Advance Your Career in Regulatory Affairs

Johns Hopkins’ Regulatory Affairs Microcredentials equip you with the knowledge and tools to better navigate FDA approval processes, ensuring life-saving products reach patients safely and efficiently. Whether you’re starting your career or advancing your expertise, these flexible microcredentials position you to make an impact.

Why Choose Johns Hopkins Microcredentials in Regulatory Affairs?

Our courses are designed to build industry-recognized competencies in drug development, medical devices, and biotechnology oversight:

  • Introduction to the FDA – A foundational course that awards a Certificate of Completion, introducing core regulatory concepts.
  • Advanced FDA Series (5 courses) – Each course awards a Certificate of Competency, validating your mastery of specialized topics in FDA submissions, compliance, and regulatory strategy.
  • Certificate of Achievement – Upon completing all courses in the Advanced FDA Series, learners earn a Certificate of Achievement, showcasing their cumulative expertise and commitment to professional growth. NOTE: Registering up-front for the Certificate of Achievement bundle, grants you access to all six courses at a 10% cost savings.

Flexible Learning, Recognized Credentials

Self-paced and expert-designed, the courses allow you to tailor your learning to your goals.

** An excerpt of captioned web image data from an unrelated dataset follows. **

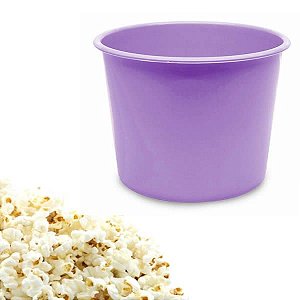 10 Balde para Pipoca Lilas 1,5L Baldinho de Praia, Balde para Enfeite de Mesa Lembrancinha de Festa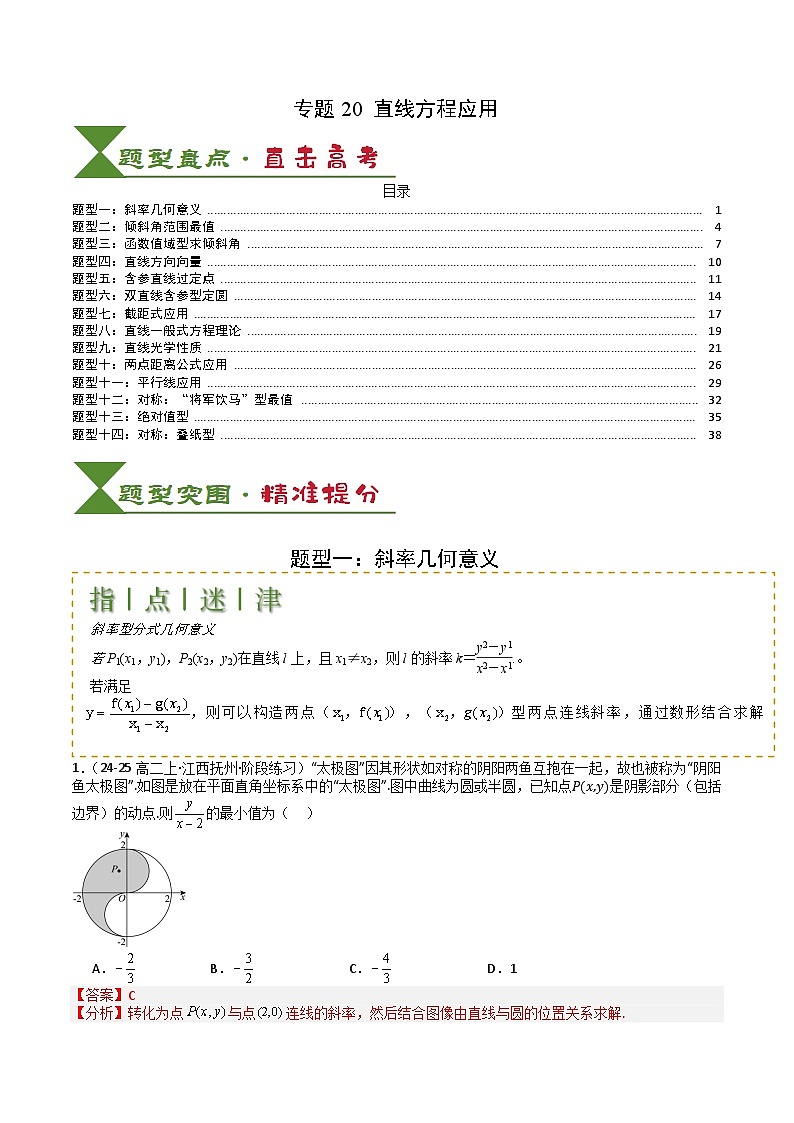 专题20  直线方程应用-2025年高考数学一轮复习知识清单（全国通用） （解析版）第1页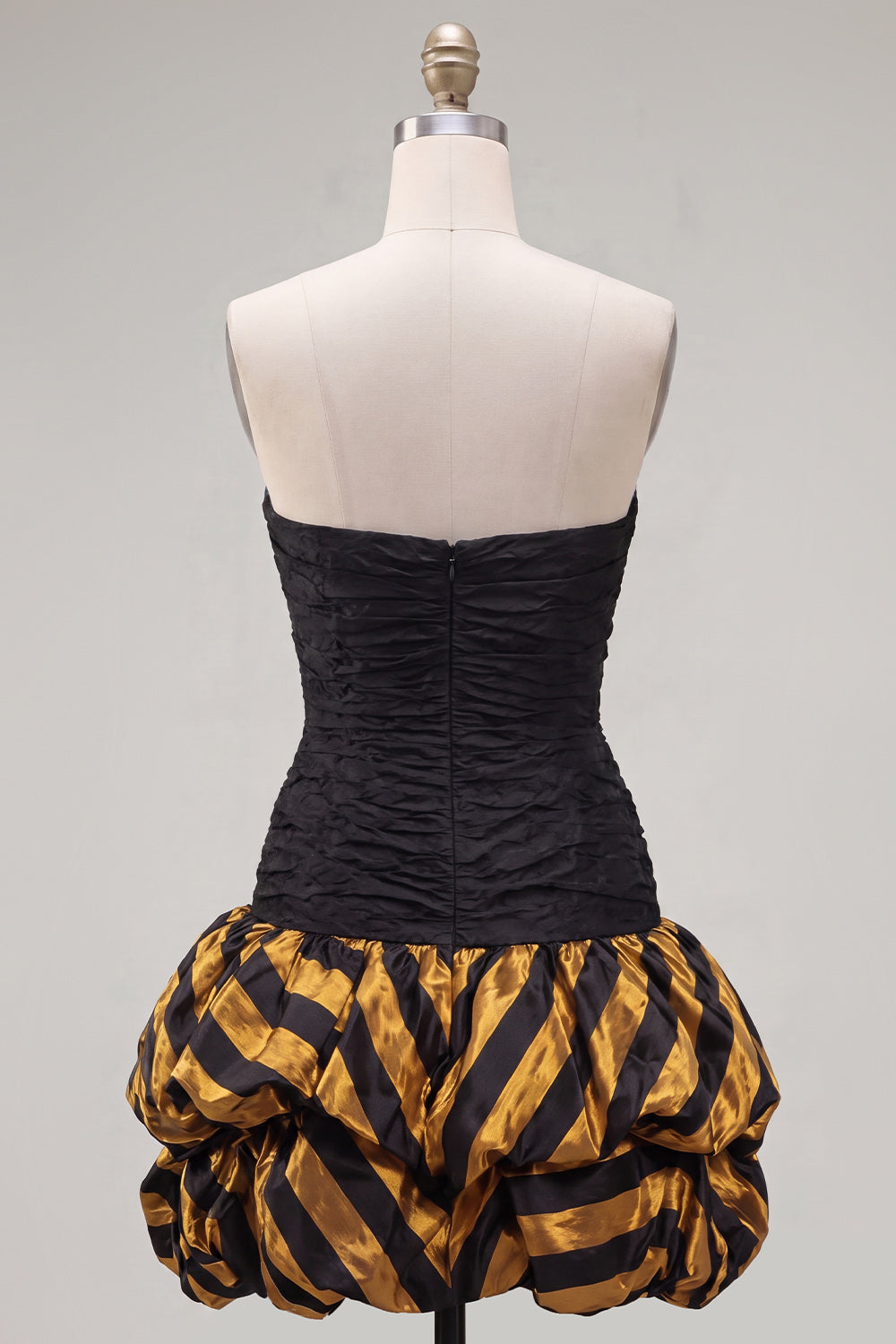 Black Golden Ruched Sweetheart Tight Short 80s Homecoming Dress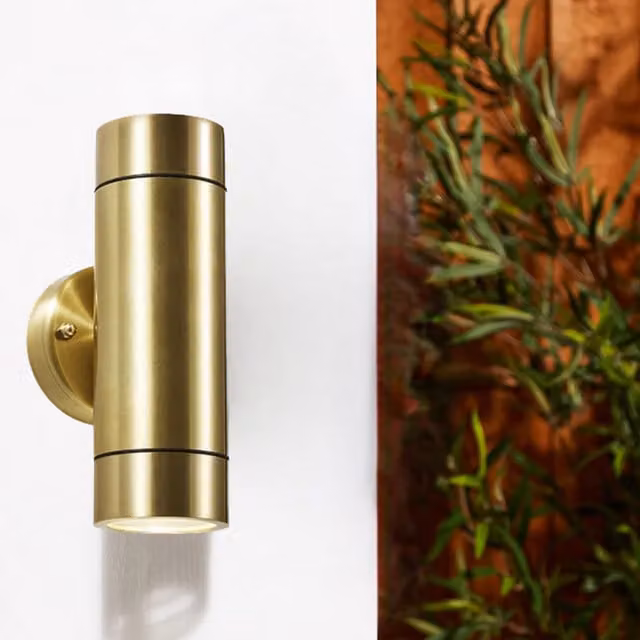 CGC Noah Antique Brass GU10 Double Up and Down Outdoor Wall Light Spotlight IP54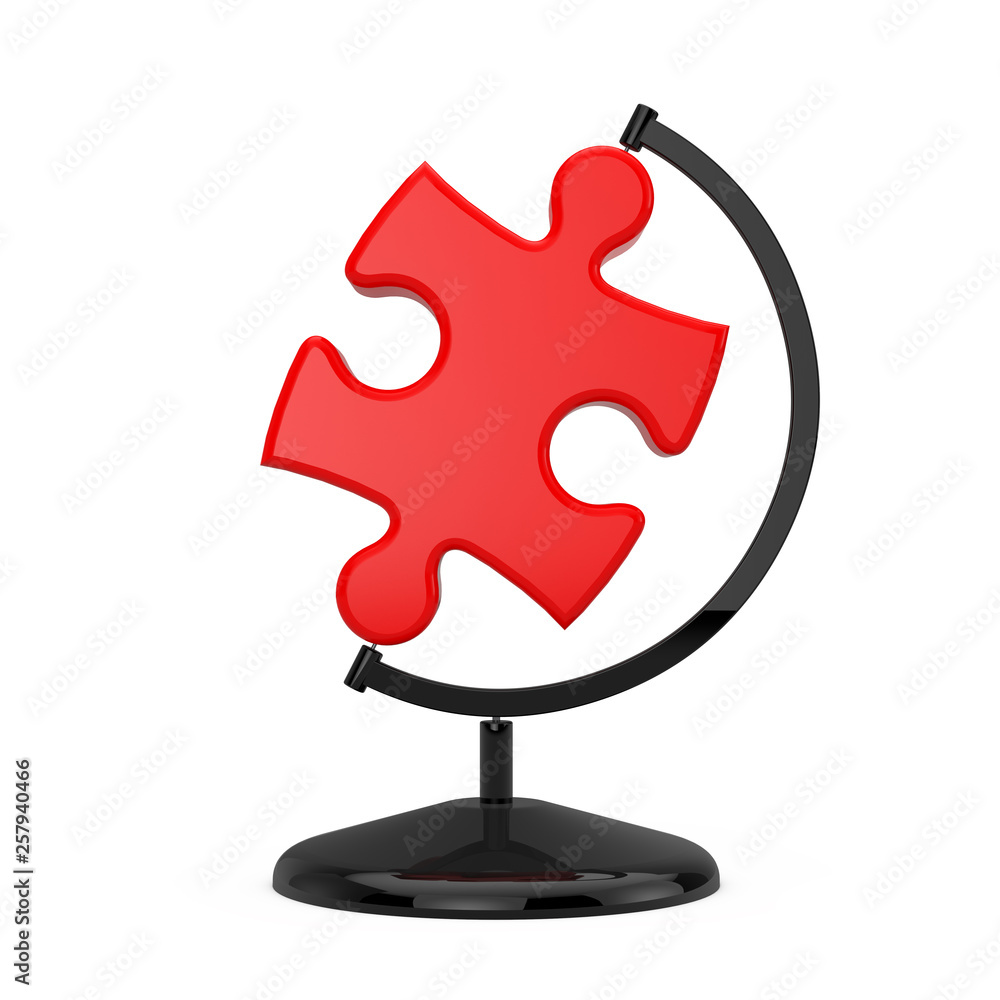 Poster red jigsaw puzzle piece in the shape of earth globe. 3d rendering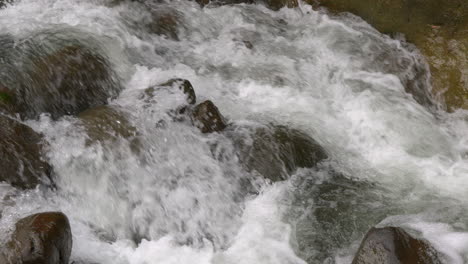 Rushing-waters-over-rocks-in-Cajones-de-Chame,-Panama,-vibrant-nature-scene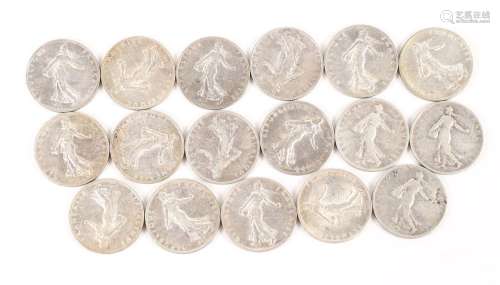 17 pièces de 2 francs argent (1898, 1902, 1908, 1914, 1915, ...
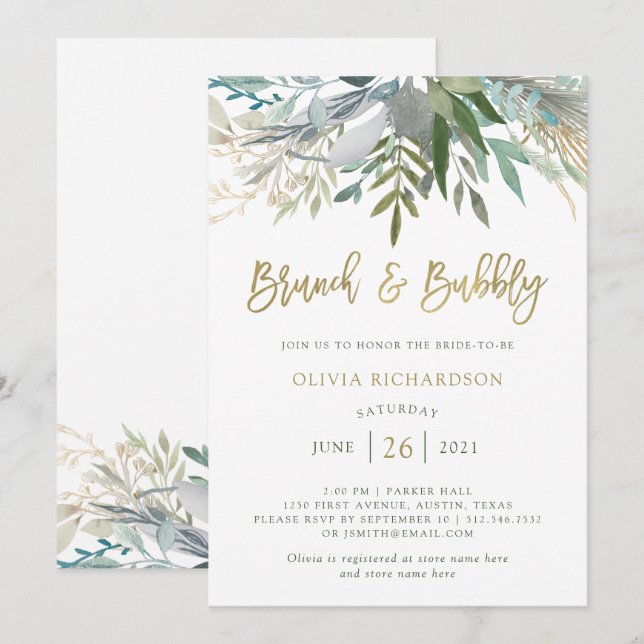 Invitation Chic Foliage | Brunch et Bubbly (Devant / Derrière)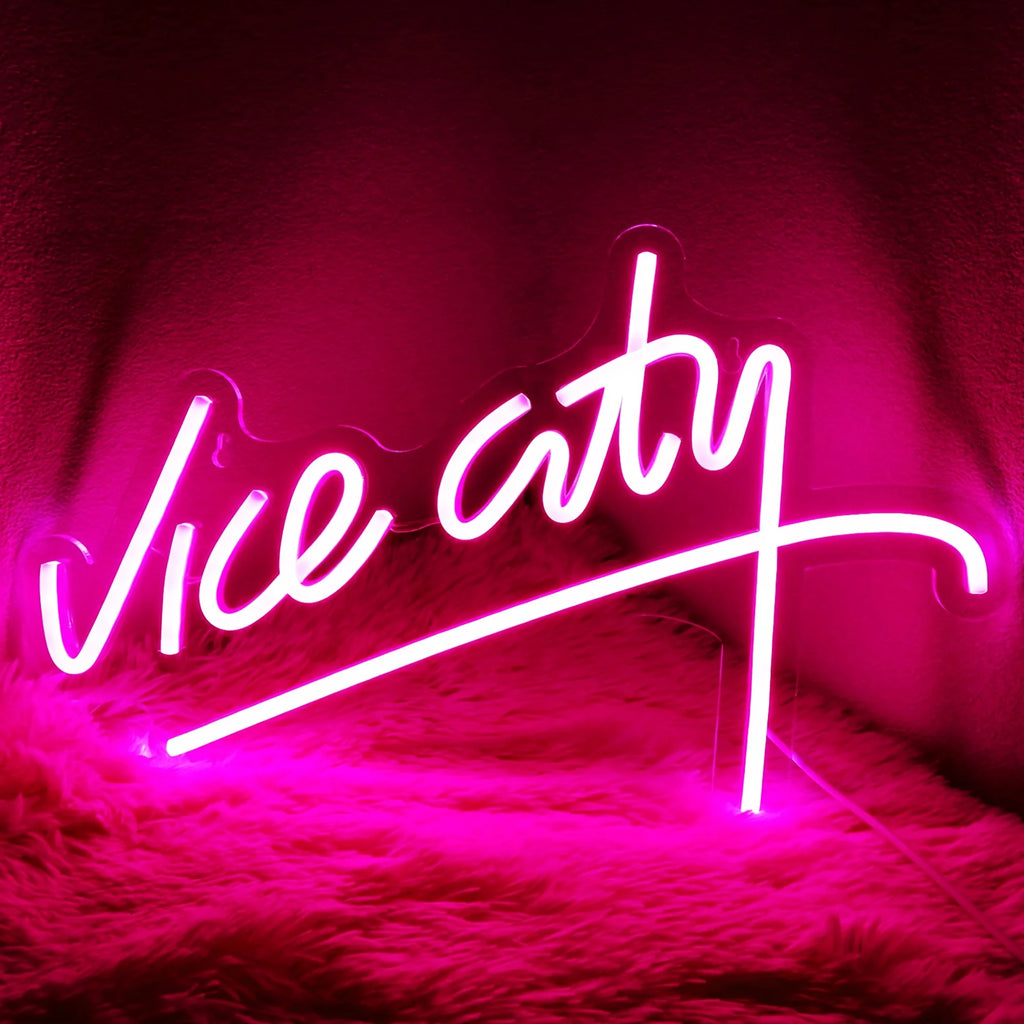 GTA VI Vice City Themed Neon Sign Man Cave Room Decor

Earn individual microcredentials or complete the full series on your pathway toward advancement in Regulatory Affairs.

Start your journey today with Johns Hopkins and gain the skills and knowledge to thrive in this evolving, high-demand field.

Regulatory Affairs Microcredential Course Overviews

Introduction to the FDA

This foundational course introduces learners to the U.S. Food and Drug Administration, focusing on its history, mission, organizational structure, and core functions. Designed to build a baseline understanding, the course provides essential insights into how the FDA operates and regulates key areas of public health.

Learning Objectives

  1. Identify the Organizational Structure: You will learn about the organizational hierarchy and the key roles within the FDA, gaining insights into how this vital agency operates.
  2. Explain Regulatory Scope: You’ll explore the regulatory scope and responsibilities of the major FDA centers, including the Center for Drug Evaluation and Research (CDER), the Center for Biologics Evaluation and Research (CBER), and the Center for Devices and Radiological Health (CDRH).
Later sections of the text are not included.